:: THE RECORDS ::
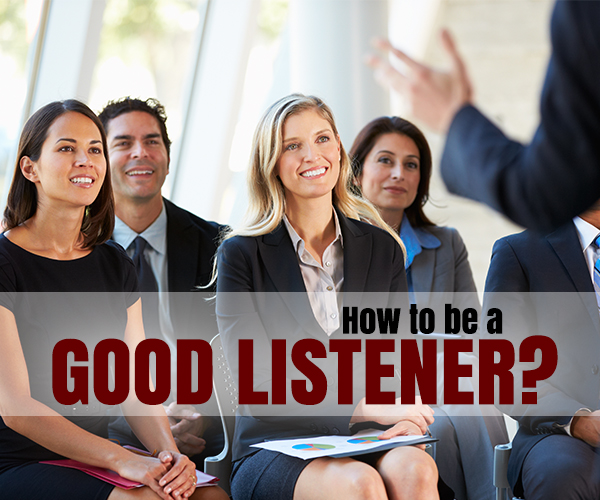 how-to-be-a-good-listener-the-vital-key-in-communication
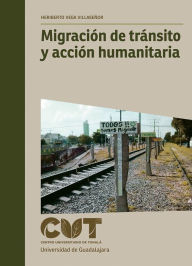 Title: Migración de tránsito y acción humanitaria, Author: Heriberto Vega Villaseñor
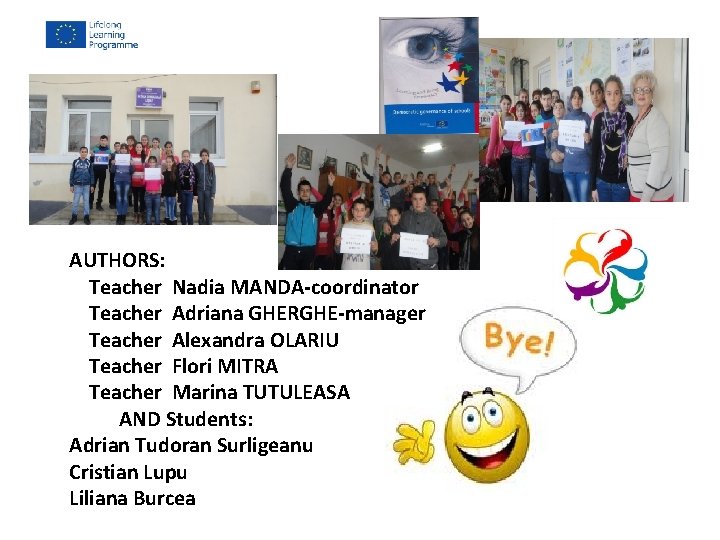 AUTHORS: Teacher Nadia MANDA-coordinator Teacher Adriana GHERGHE-manager Teacher Alexandra OLARIU Teacher Flori MITRA Teacher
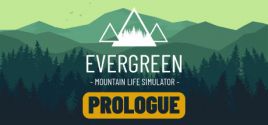 Configuration requise pour jouer à Evergreen - Mountain Life Simulator: PROLOGUE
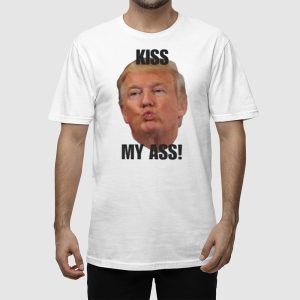 Donald Trump Kiss My Ass Shirt 2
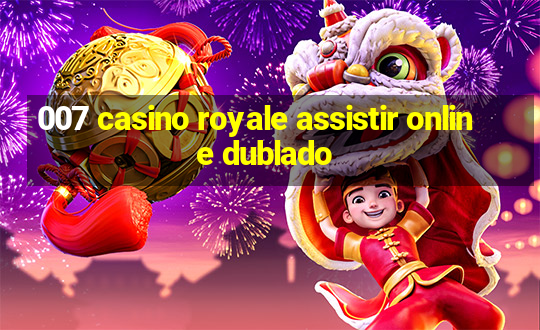 007 casino royale assistir online dublado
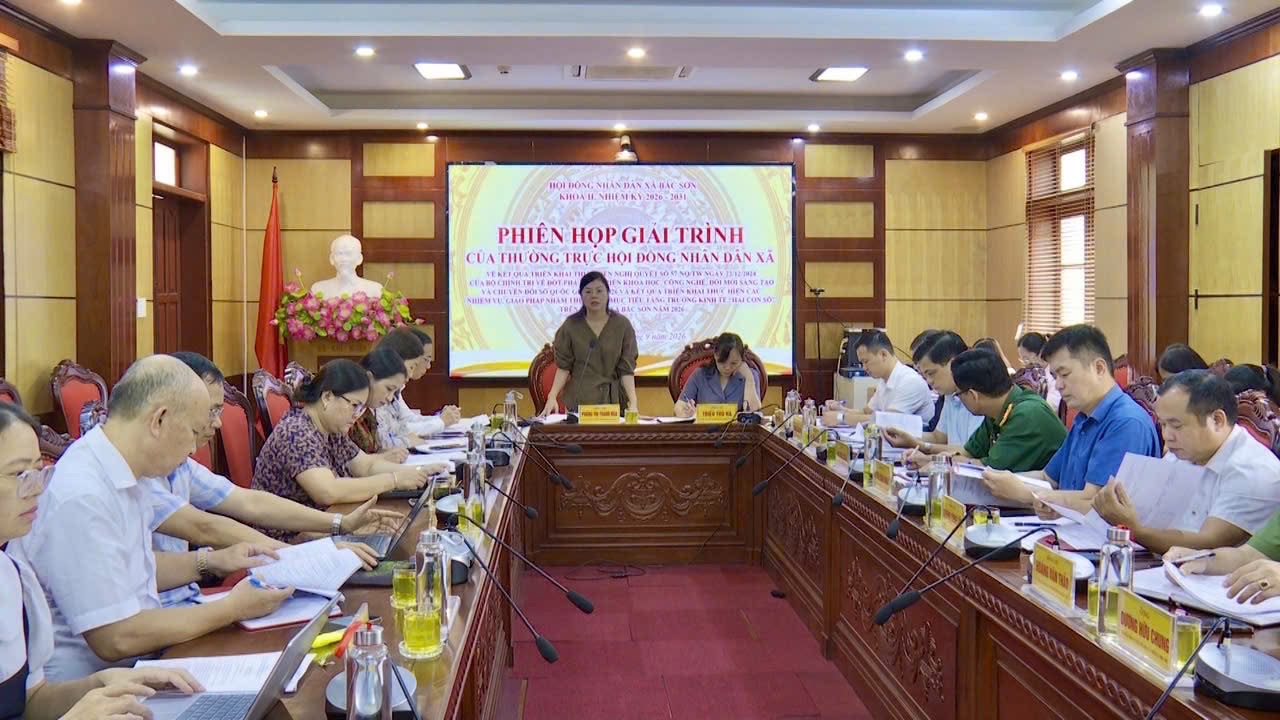 Thường trực HĐND xã Bắc Sơn tổ chức Phiên họp giải trình Quý III năm 2026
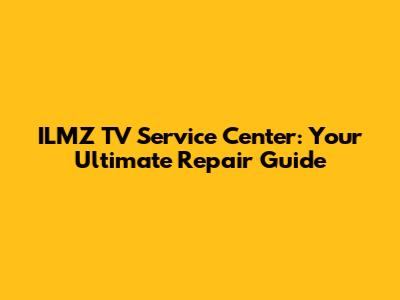 ILMZ TV Service Center: Your Ultimate Repair Guide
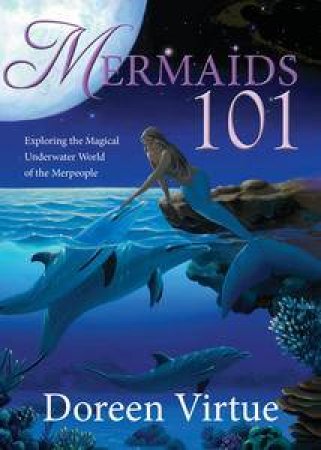 Exploring The Magical Underwater World Of The Merpeople by Doreen Virtue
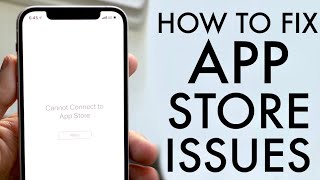 How To FIX App Store Not Working! (2021)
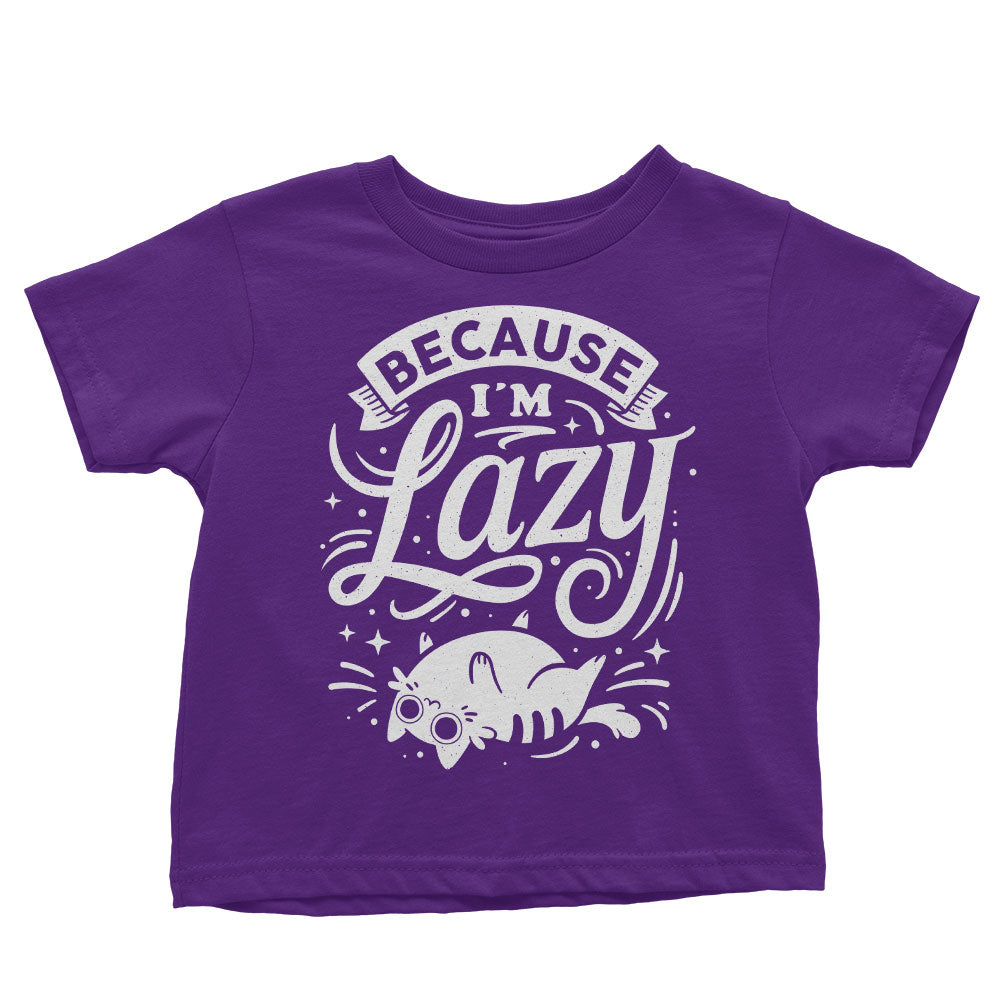 Because I'm Lazy - Youth Apparel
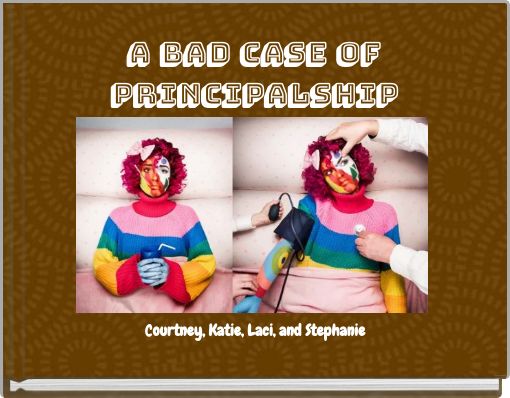 Book Cover for: A Bad Case of Principalship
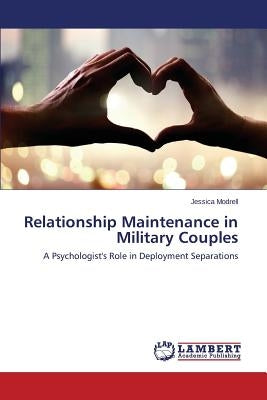Relationship Maintenance in Military Couples by Modrell Jessica
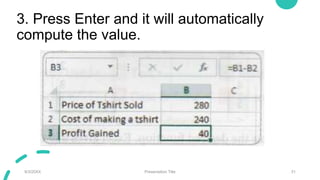 3. Press Enter and it will automatically
compute the value.
9/3/20XX Presentation Title 31
 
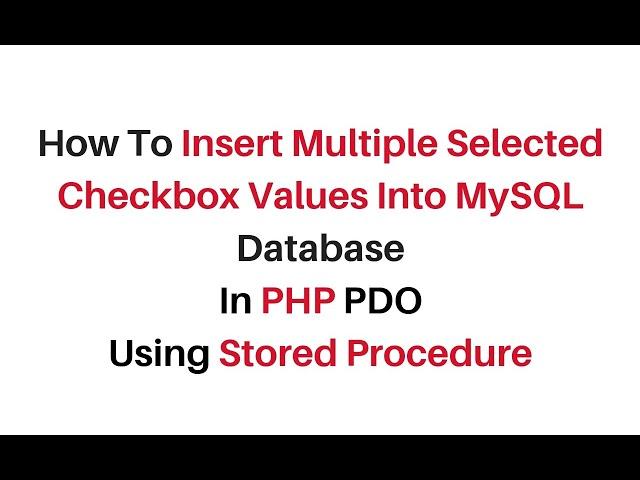 how to insert multiple selected checkbox values in database in php 5.6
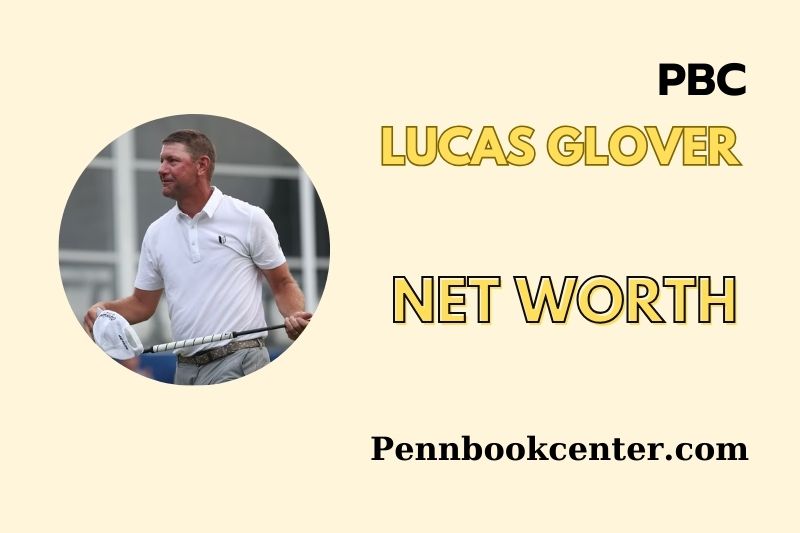 What is Lucas Glover Net Worth 2025 Earnings Salary Finances 2 What is Lucas Glover Net Worth 2025 Earnings, Salary, Finances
:::
▶ [EXERCISE GOAL]:
Write the listing above out again exactly, but not the images it holds.

▶ [EXERCISE RESPONSE]:
 how-to-be-a-good-listener-the-vital-key-in-communication
 Title: Migración de tránsito y acción humanitaria, Author: Heriberto Vega Villaseñor
 AUTHORS: Teacher Nadia MANDA-coordinator Teacher Adriana GHERGHE-manager Teacher Alexandra OLARIU Teacher Flori MITRA Teacher
 Configuration requise pour jouer à Evergreen - Mountain Life Simulator: PROLOGUE
 Donald Trump Kiss My Ass Shirt 2
 007 casino royale assistir online dublado
 Thường trực HĐND xã Bắc Sơn tổ chức Phiên họp giải trình Quý III năm 2026
 ILMZ TV Service Center: Your Ultimate Repair Guide
 Exploring The Magical Underwater World Of The Merpeople by Doreen Virtue
 How To FIX App Store Not Working! (2021)
 Because I'm Lazy - Youth Apparel
 Book Cover for: A Bad Case of Principalship
Relationship Maintenance in Military Couples by Modrell Jessica
 3. Press Enter and it will automatically
compute the value.
9/3/20XX Presentation Title 31
 
 how to insert multiple selected checkbox values in database in php 5.6
 What is Lucas Glover Net Worth 2025 Earnings Salary Finances 2 What is Lucas Glover Net Worth 2025 Earnings, Salary, Finances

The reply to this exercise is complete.